Instructions for the task >>
What you return must match, exactly, the lines running from the one containing "this 640×480 image." to the end of the data, both included, and must contain no pictures.
==== Data extracts
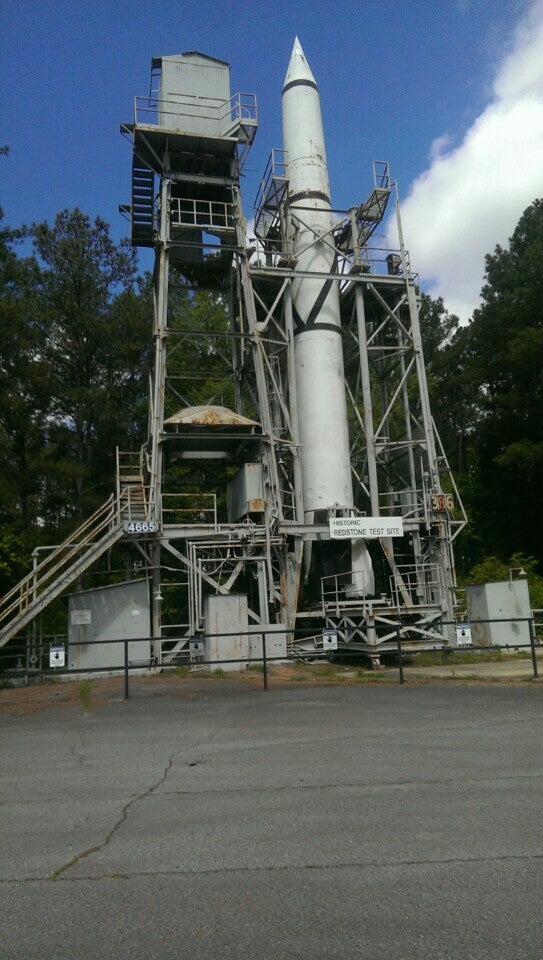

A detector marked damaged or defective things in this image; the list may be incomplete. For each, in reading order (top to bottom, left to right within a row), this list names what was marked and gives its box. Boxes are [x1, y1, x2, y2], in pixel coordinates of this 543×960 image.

crack in pavement [48, 752, 176, 880]
crack in pavement [2, 852, 540, 880]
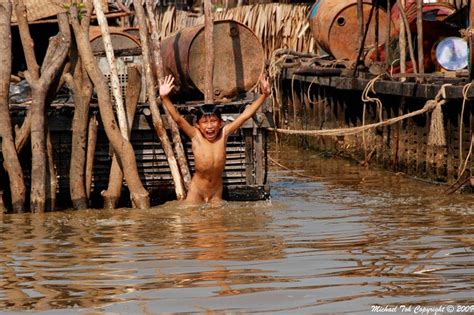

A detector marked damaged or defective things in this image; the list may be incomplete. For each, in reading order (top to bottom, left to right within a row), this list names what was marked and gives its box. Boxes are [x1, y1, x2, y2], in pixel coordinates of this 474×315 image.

rusty container [159, 20, 262, 101]
rusty metal barrel [159, 20, 262, 101]
rusty container [310, 0, 390, 61]
rusty metal barrel [310, 0, 390, 61]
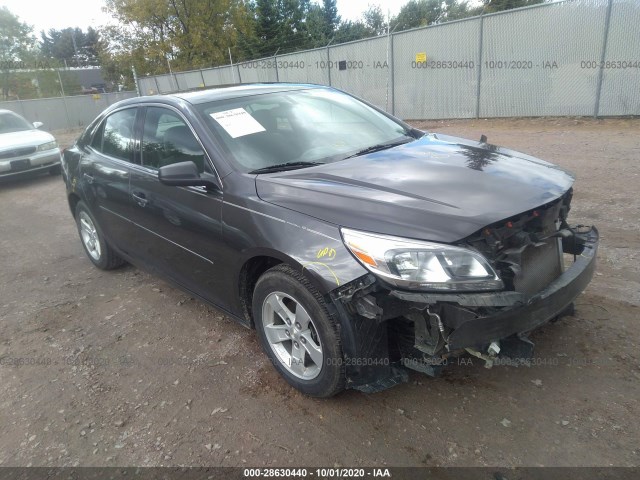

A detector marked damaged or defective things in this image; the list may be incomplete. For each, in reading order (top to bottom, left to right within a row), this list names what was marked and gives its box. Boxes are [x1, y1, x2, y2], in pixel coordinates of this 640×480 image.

damaged black sedan [62, 83, 596, 398]
broken headlight [342, 228, 502, 290]
crumpled front bumper [390, 227, 600, 350]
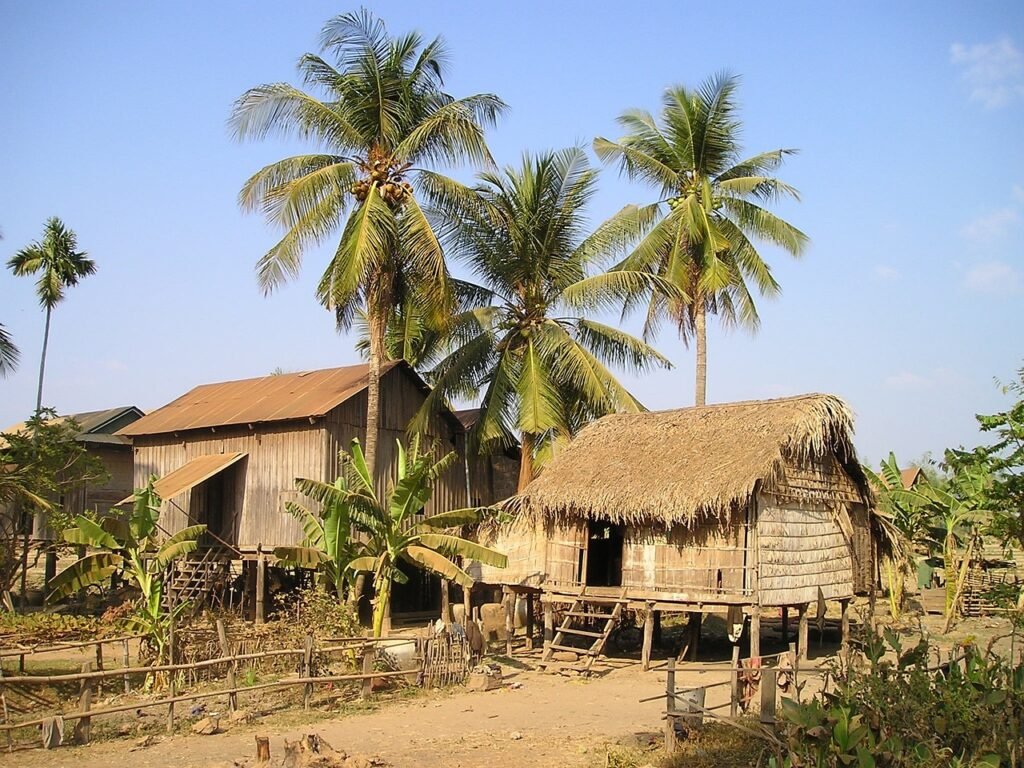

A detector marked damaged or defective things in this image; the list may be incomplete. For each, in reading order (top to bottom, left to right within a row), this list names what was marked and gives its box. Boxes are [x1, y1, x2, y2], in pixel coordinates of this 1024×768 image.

rusty metal roof [117, 362, 403, 436]
rusty metal roof [115, 454, 244, 507]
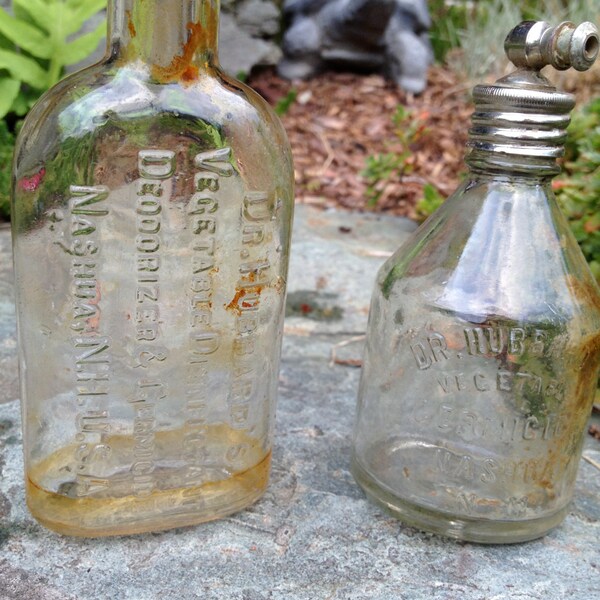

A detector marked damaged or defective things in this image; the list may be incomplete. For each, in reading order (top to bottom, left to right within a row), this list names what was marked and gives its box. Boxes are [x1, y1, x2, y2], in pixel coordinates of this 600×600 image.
========
Your response >>
A detector marked damaged or defective things in this image; the list may be incomplete. For each, in reading order (top to bottom, left to right within a row), this list names what was marked and gives its box. Boxes are [x1, y1, x2, y2], in pixel coordinates of this 640×480 image.

damaged black sedan [62, 83, 596, 398]
broken headlight [342, 228, 502, 290]
crumpled front bumper [390, 227, 600, 350]

A detector marked damaged or defective things in this image; the list may be incomplete. For each, in reading order (top to bottom, left to right within a row), this list names what was marked and gives its box. Boxes are [x1, y1, x2, y2], in pixel coordinates of this 1024×768 image.

rusty metal roof [117, 362, 403, 436]
rusty metal roof [115, 454, 244, 507]

A detector marked damaged or defective things in this image; the list may be incomplete. For each, in reading order (top to bottom, left to right within a row), this list names what was marked and gives its box. Boxes are [x1, y1, x2, y2], in pixel coordinates of this 600×600 image.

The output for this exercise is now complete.